Loy resta coi : les bêtises de la Princesse lui évoquaient les siennes propres. Zeka était probablement du même avis, tant elle s’était montrée irritée à l’idée d’envoyer son précieux Visionniste derrière une gamine en fuite. Il aurait été bien plus utile au côté d’Erok qui poursuivait l’Alliance, mais les liens diplomatiques avec le Roi passait avant tout. Loy concéda à Zeka qu’elle avait de quoi être particulièrement en colère lors de leur dernier échange.
— Dans tous les cas, reprit le Roi, je vous fais entièrement confiance pour la faire revenir, assurer sa sécurité au retour et la forcer à vous suivre s’il le faut. Je ne vous retarderai pas d’avantage. Je vous ai fait préparer les meilleurs chevaux du royaume qui sauront rattraper ceux de ma fille et de sa Gardienne, de braves bêtes bien moins rapides. Allez-y !
— Au nom d’Esli et de la Brigade de Linone, je vous remercie pour votre confiance. Toron, Lazar et Zeka vous font parvenir leurs meilleures salutations, ajouta Renka.
— Je les salue également. Bonne route, Brigade de Linone et l’Œil le Visionniste ! À bientôt, en compagnie de ma fille, conclut le Roi.
La troupe s’élança sur cet ordre énoncé à demi-mot. Loy sentit une sensation désagréable l’envahir, qu’il tenta de chasser en frottant le haut de son bandeau. Cela faisait longtemps qu’on ne l’avait pas appelé l’Œil. La différence était minime mais il l’entendait distinctement : les gardes d’Esli avaient pris l’habitude de transformer sa dénomination en Loy, plus personnel, alors que le Roi l’appelait bel et bien comme une partie anatomique qui lui faisait aujourd'hui défaut.

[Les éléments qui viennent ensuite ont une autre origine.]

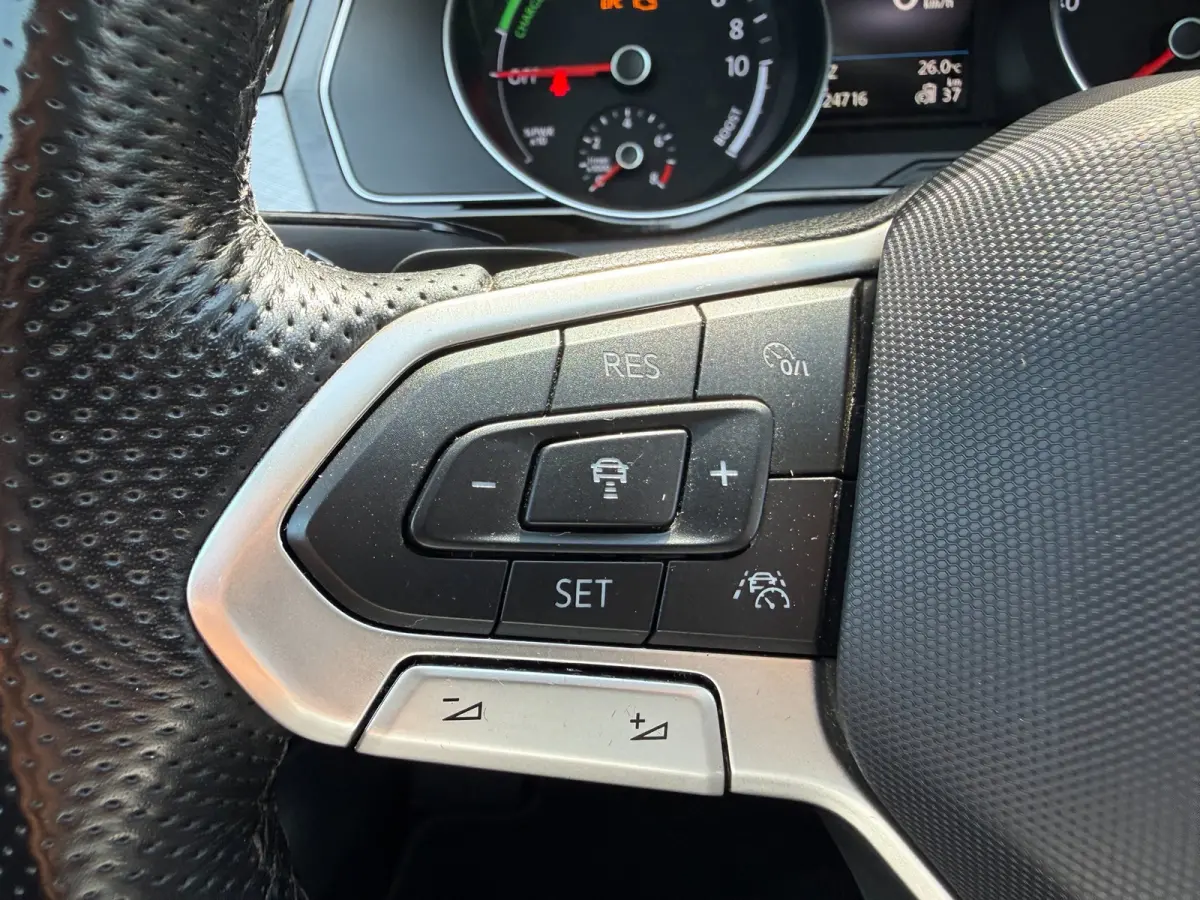 1.4 TSI PHEV GTE * AUTOMAAT * Parkeercamera * Massage * Keyless *
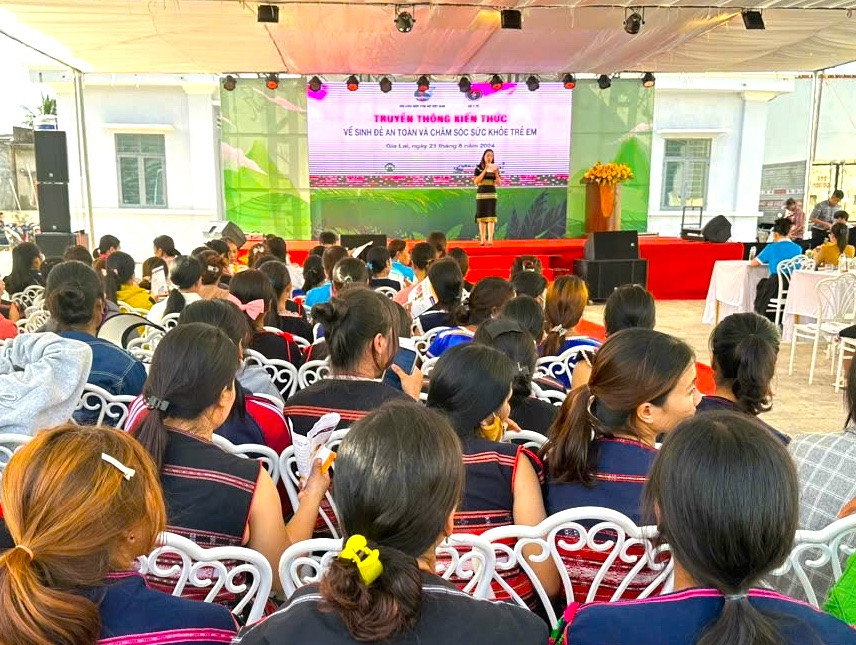 Quang cảnh buổi truyền thông kiến thức về sinh đẻ an toàn và chăm sóc sức khỏe trẻ em tại huyện Kông Chro. Ảnh: Thúy Ngọ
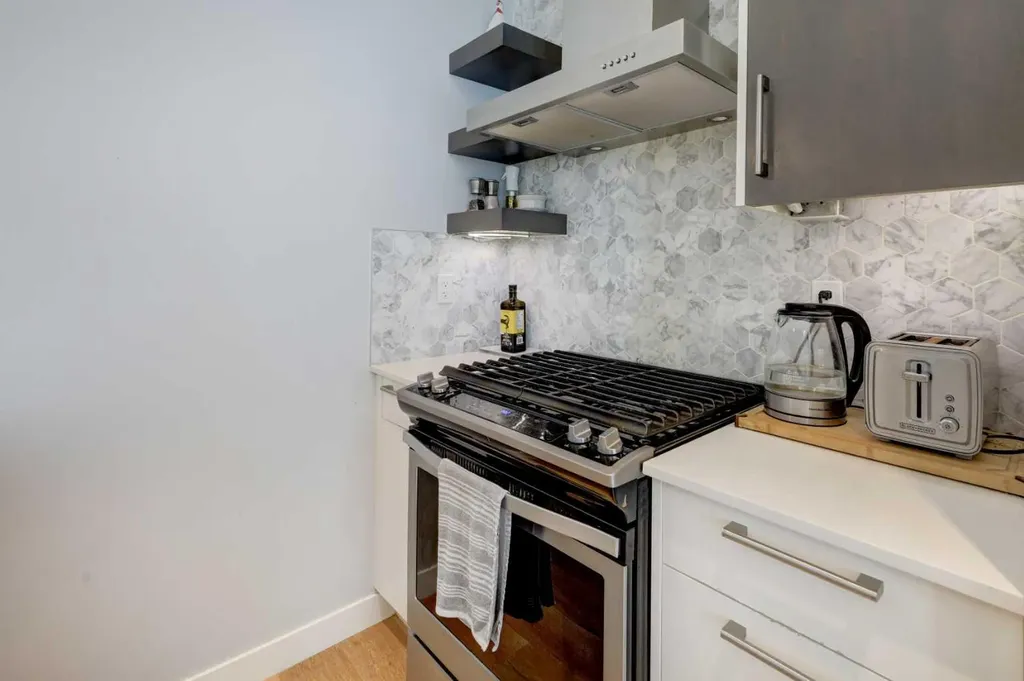 408 27 Avenue NE Calgary AB T2E 2A4
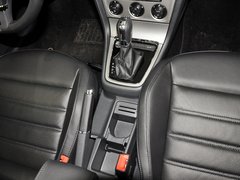 2013款 1.6L 自动 豪华版
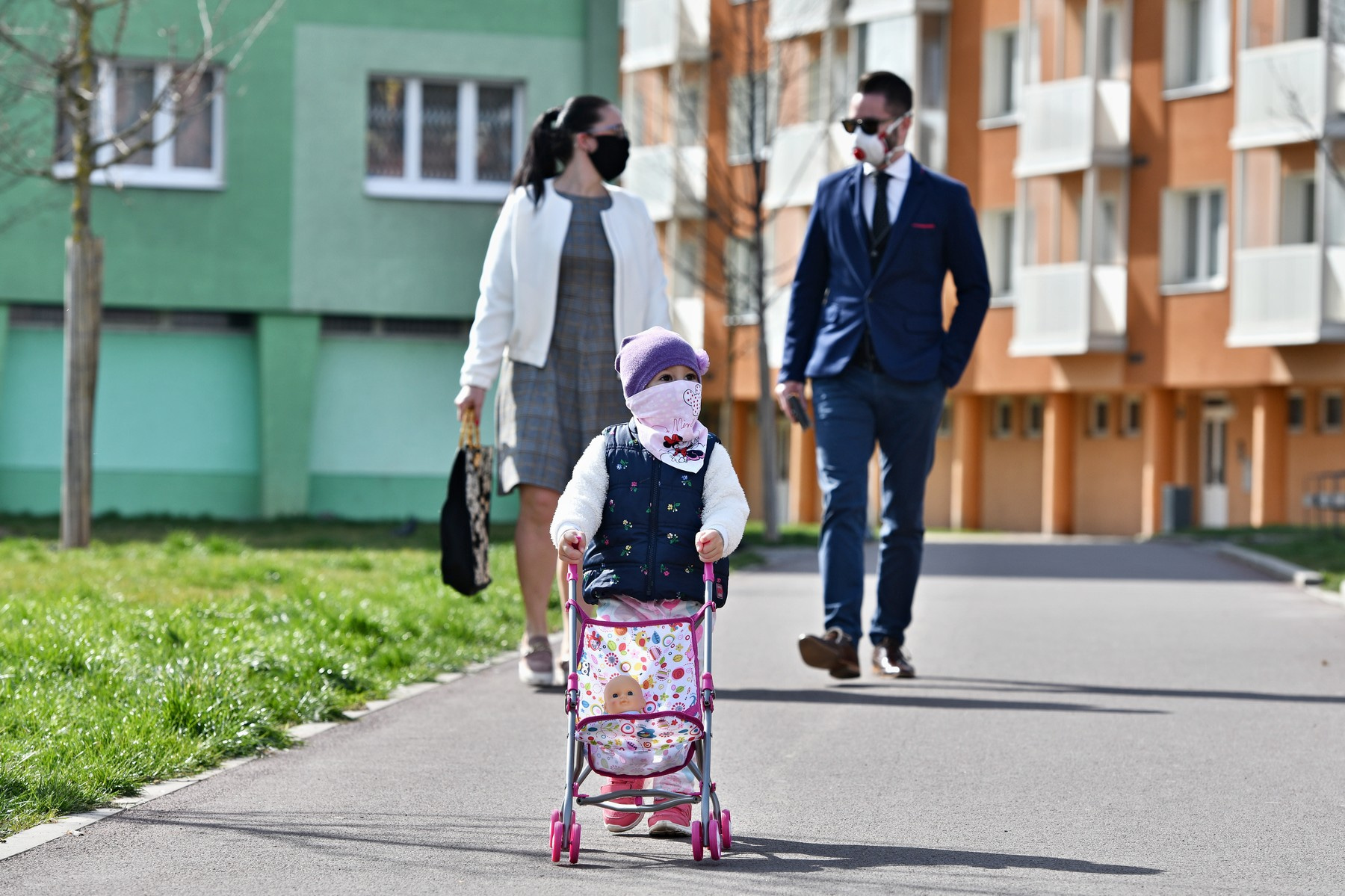 Rodina na procházce v času pandemie.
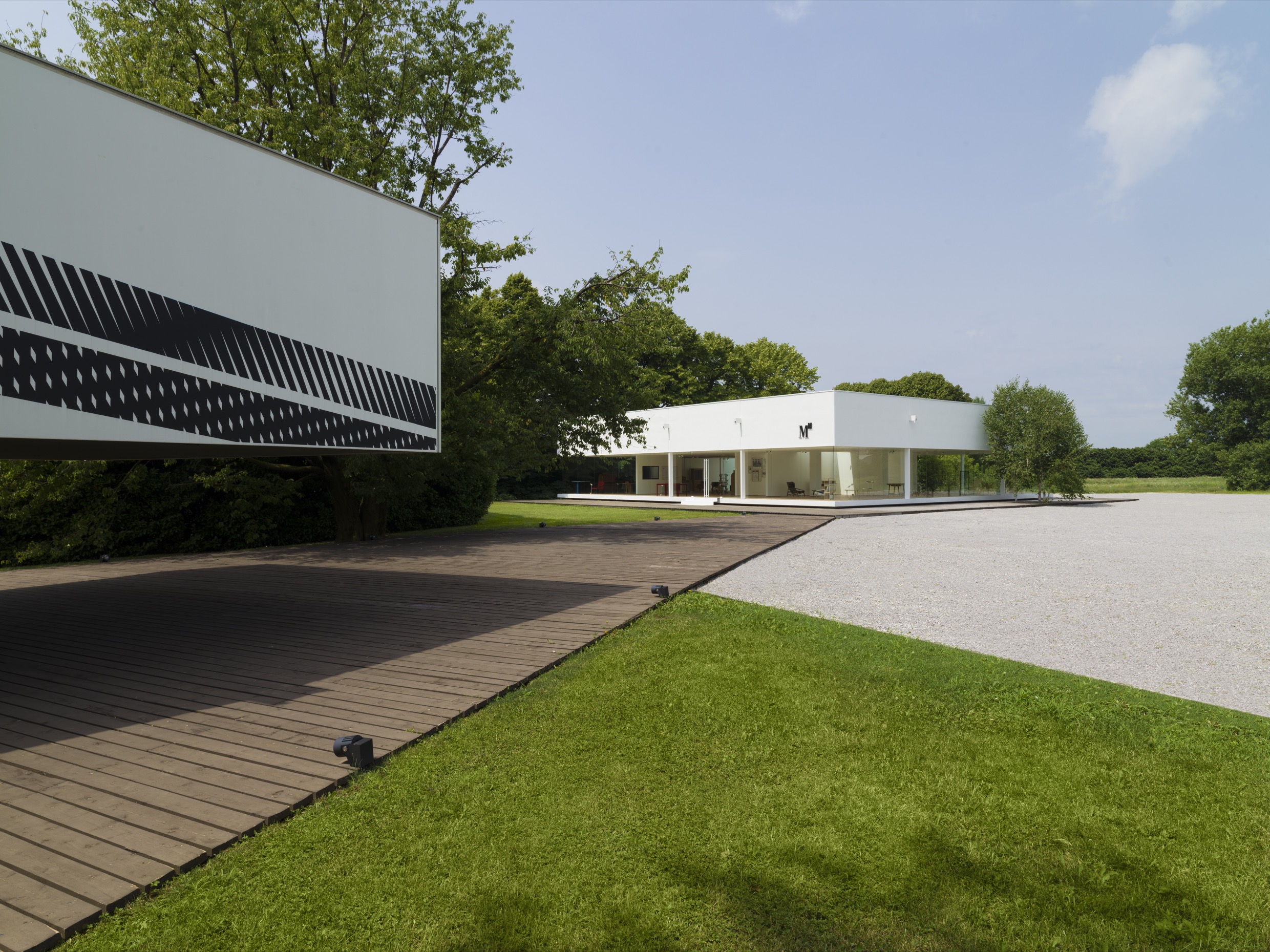 MOLTENI MUSEUM: ARCHITETTURA E DESIGN
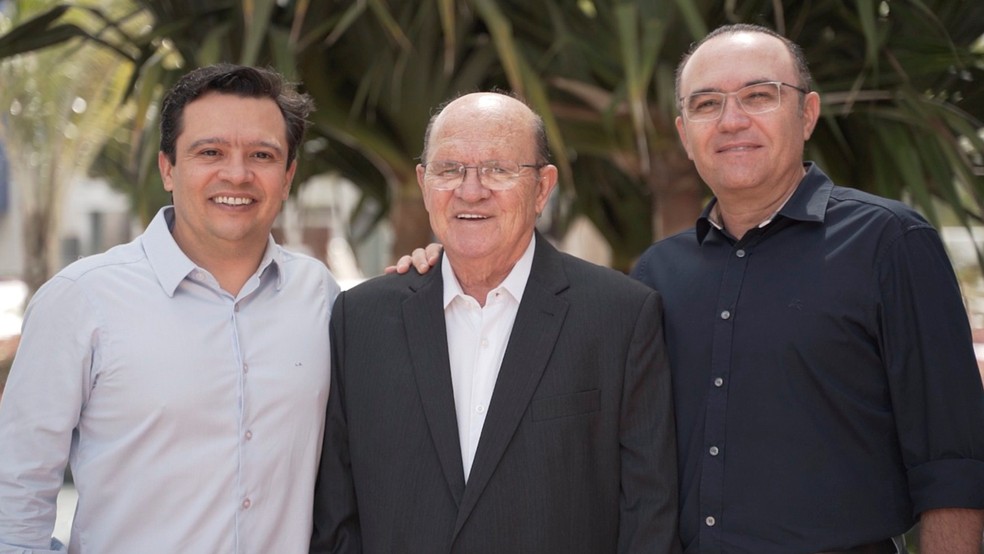 Luiz Aragão, fundador da Conviver, ao lado de Luiz Geddes e Mário Aragão, sócios da companhia. — Foto: divulgação Conviver Urbanismo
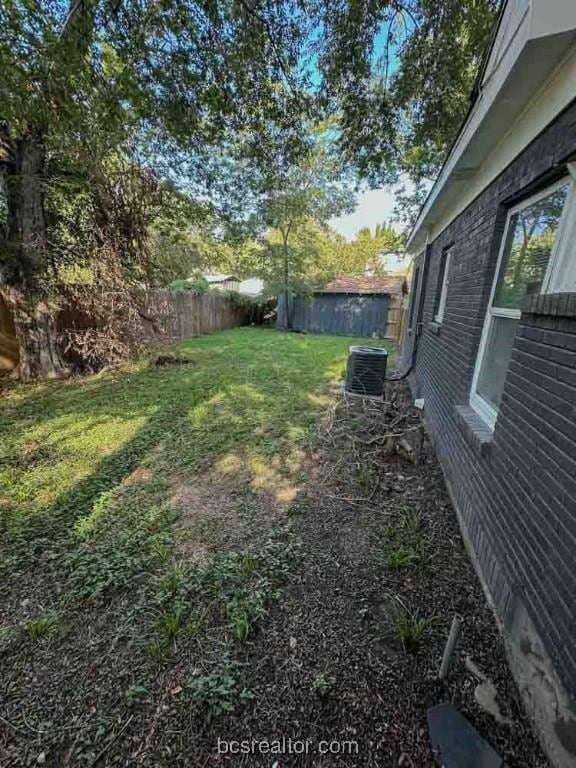 900 E 24th St, Bryan, TX 77803 - photo 21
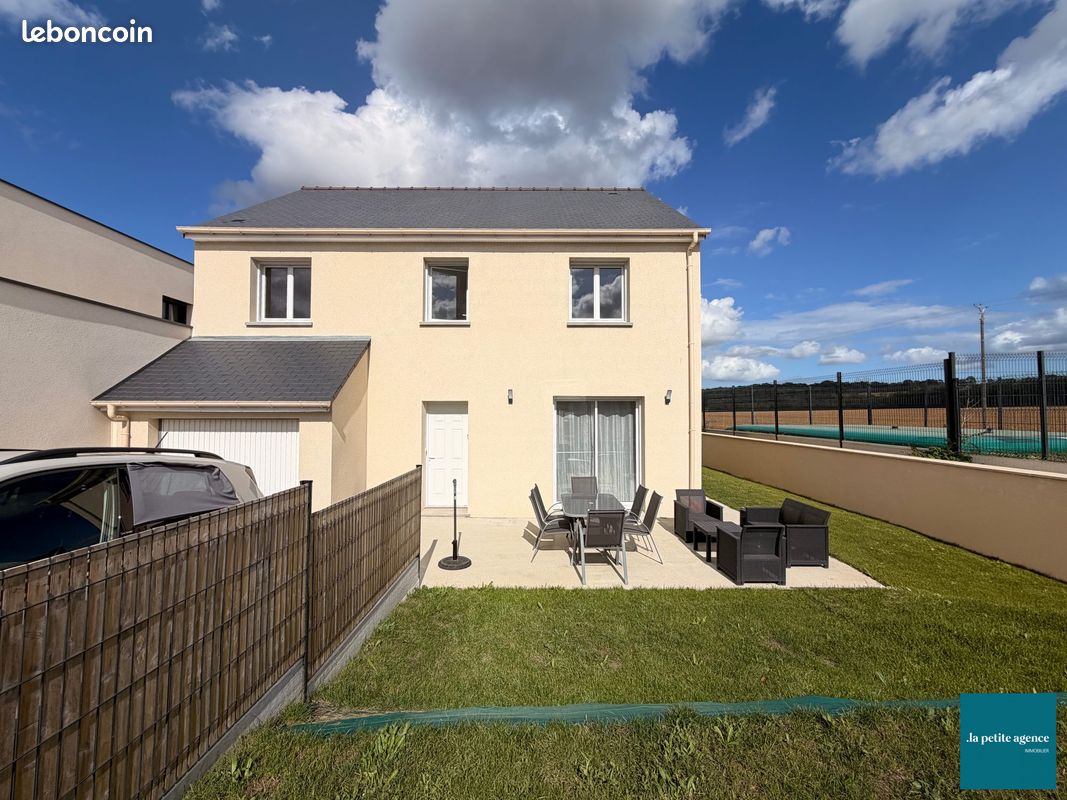 Maison 6 pièces 123 m² · à Escoville · 123 m² · 367 500 €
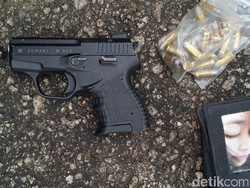 Polisi Malaysia Sita Senpi dari Wak Lan Otak Penculikan Ling Ling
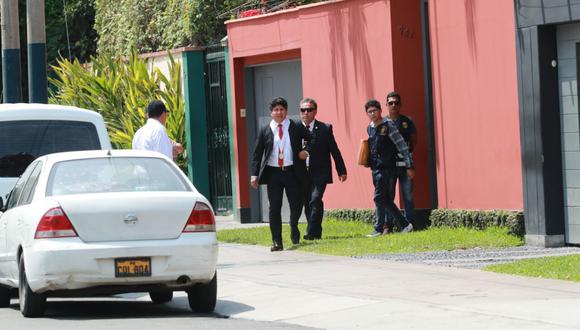 El equipo fiscal, con apoyo de la policía, llegó a la casa de PPK en la calle Choquehuanca, en San Isidro. esta mañana. (Lino Chipana / El Comercio)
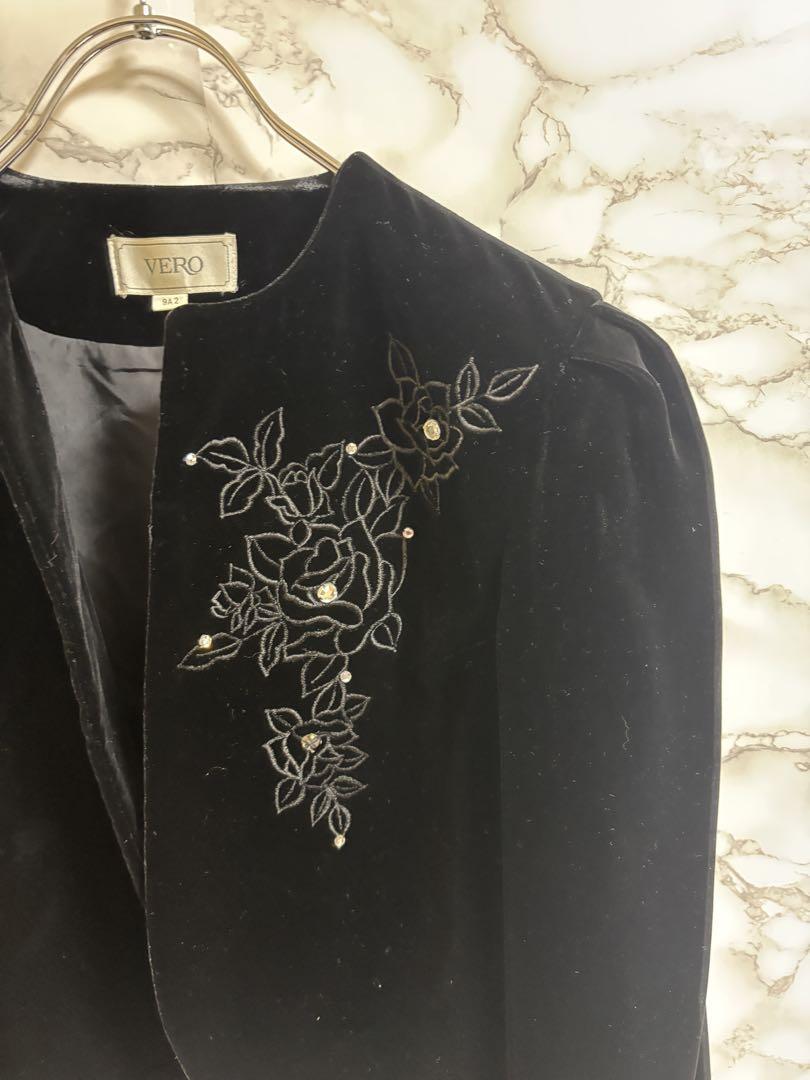 2963ヴェロ【M】ベルベットジャケット　花柄刺繍 ボタンレス　ベロア_画像3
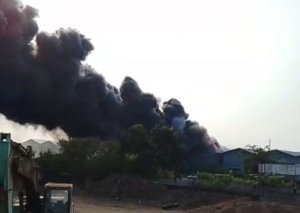 Gudang Kimia di Mundu Cirebon Terbakar Hebat, 4 Personel Damkar Alami Sesak Napas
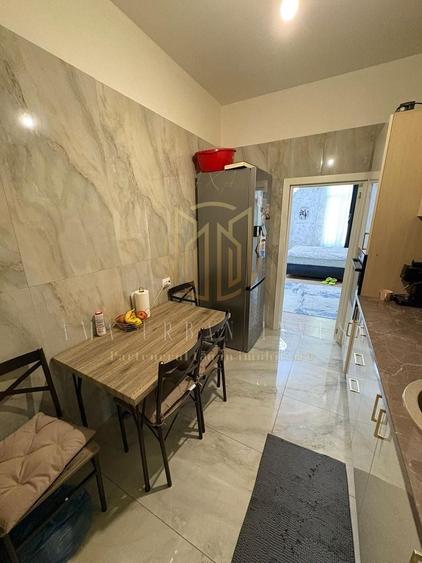 Apartament cu 2 camere semidecomandat, mobilat în Centrul Istoric
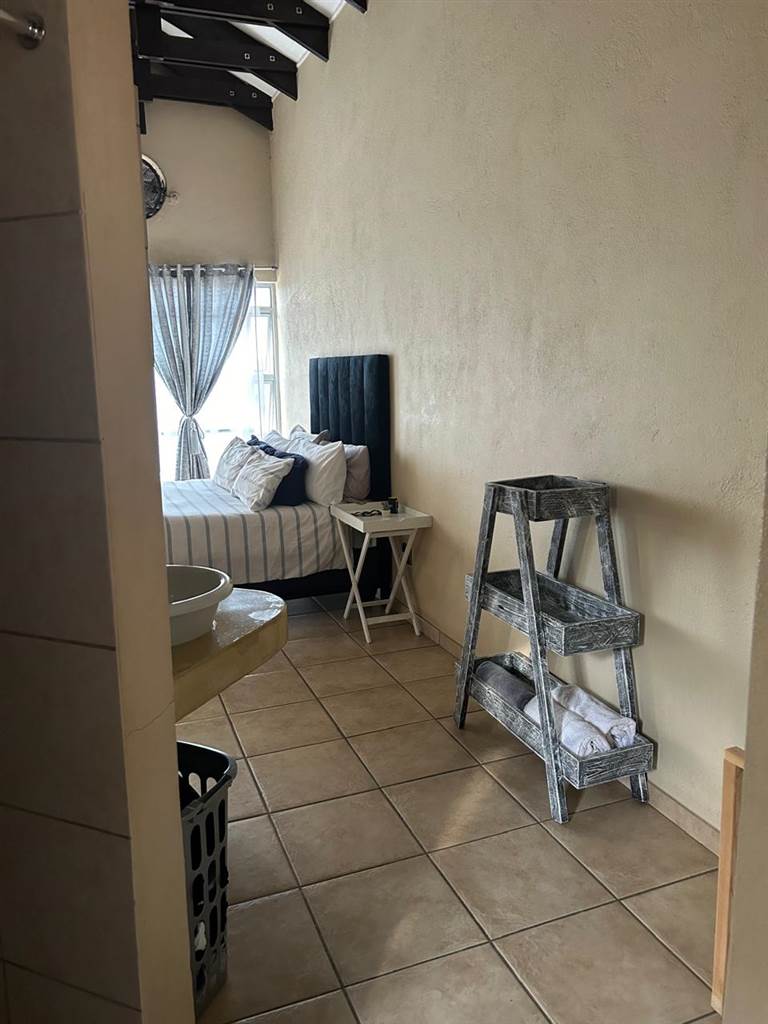 1 Bedroom Property for Sale in West Acres Mpumalanga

Il sourit amèrement. À Esli, les Elfes apprenaient à étouffer leurs émotions, pourtant personne ne s’était senti à l’aise de l’appeler sans un simulacre de prénom, au contraire du Roi ne semblait ressentir aucune gêne. Il avait pourtant nommé sa fille Epoline et non Latête…
« Qu’importe », se secoua mentalement le jeune Cornide. Bientôt, la Brigade de Linone retrouverait la Princesse et pourrait la ramener. Esli et Réonde seraient bien forcés de reconnaître ses qualités uniques et primordiales. Après cela, si le bruit courait qu’il avait été abandonné par ses parents, qui n’avaient même pas pris la peine de lui trouver un prénom, on crierait au scandale : comment pouvait-on se débarrasser d’une personne aussi indispensable au royaume ? Ses parents irresponsables n’avaient qu’à s’en mordre les doigts. Voilà ce qu’il espérait ardemment que l’on penserait de lui quand il aurait fait ses preuves sur le terrain, quand un visage et un nom seraient associés à tout son travail effectué dans le monde de la Vision.